The findings demonstrate that delocalized electronic engineering of TiNb₂O₇ via nitrogen doping and oxygen vacancy creation is highly effective in enhancing the low-temperature performance of high-areal-capacity lithium-ion batteries. The synergistic effects of these modifications lead to improved electron conductivity, faster Li⁺ diffusion, and enhanced Li⁺ adsorption. The results directly address the challenges associated with thick electrodes and low-temperature operation by providing a pathway to mitigate polarization and enhance kinetics. The combination of experimental and theoretical approaches (DFT and TA spectroscopy) provides strong evidence for the underlying mechanisms, confirming the link between electronic structure modulation and improved electrochemical properties. The excellent performance of the TNO@N electrode, even at ultra-low temperatures and high mass loadings, significantly advances the potential for practical applications of LIBs in cold environments.

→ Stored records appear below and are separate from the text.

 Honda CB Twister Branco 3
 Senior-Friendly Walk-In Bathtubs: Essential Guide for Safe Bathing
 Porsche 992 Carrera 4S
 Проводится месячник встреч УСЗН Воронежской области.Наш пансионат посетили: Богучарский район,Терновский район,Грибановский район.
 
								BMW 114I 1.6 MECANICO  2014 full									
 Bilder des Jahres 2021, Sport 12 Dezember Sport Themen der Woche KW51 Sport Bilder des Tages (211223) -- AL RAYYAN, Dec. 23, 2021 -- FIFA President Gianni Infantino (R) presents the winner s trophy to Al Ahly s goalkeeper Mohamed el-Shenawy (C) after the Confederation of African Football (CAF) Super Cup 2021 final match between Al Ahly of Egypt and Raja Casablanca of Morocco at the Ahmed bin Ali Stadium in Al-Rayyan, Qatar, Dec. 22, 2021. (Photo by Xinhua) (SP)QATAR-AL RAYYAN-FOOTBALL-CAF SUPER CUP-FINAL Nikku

This research successfully demonstrated the synthesis and characterization of a novel TiNb₂O₇@N electrode material with significantly enhanced low-temperature performance for high-areal-capacity lithium-ion batteries. The delocalized electronic engineering strategy, combining nitrogen doping and oxygen vacancy creation, proved highly effective in improving electronic conductivity, Li⁺ diffusion kinetics, and Li⁺ adsorption. The material showed excellent performance at low temperatures and high mass loadings, surpassing many previously reported Nb-based electrodes. Future research directions could include exploring other dopants or defect engineering strategies to further optimize the properties of TiNb₂O₇, investigating alternative electrolyte formulations for even better low-temperature performance, and scaling up the synthesis process for commercial applications.

While this study demonstrates significant improvements in low-temperature performance and areal capacity, some limitations should be noted. The study primarily focused on half-cell tests; further investigation with full-cell configurations is needed to fully assess the practical implications of the findings. The long-term stability of the TNO@N electrode under extreme conditions (e.g., extended cycling at very low temperatures and high current densities) could be further investigated. The cost-effectiveness and scalability of the synthesis method for large-scale production should also be evaluated before commercialization. The study used a homemade electrolyte; exploring commercially available electrolytes could be beneficial for practical implementation.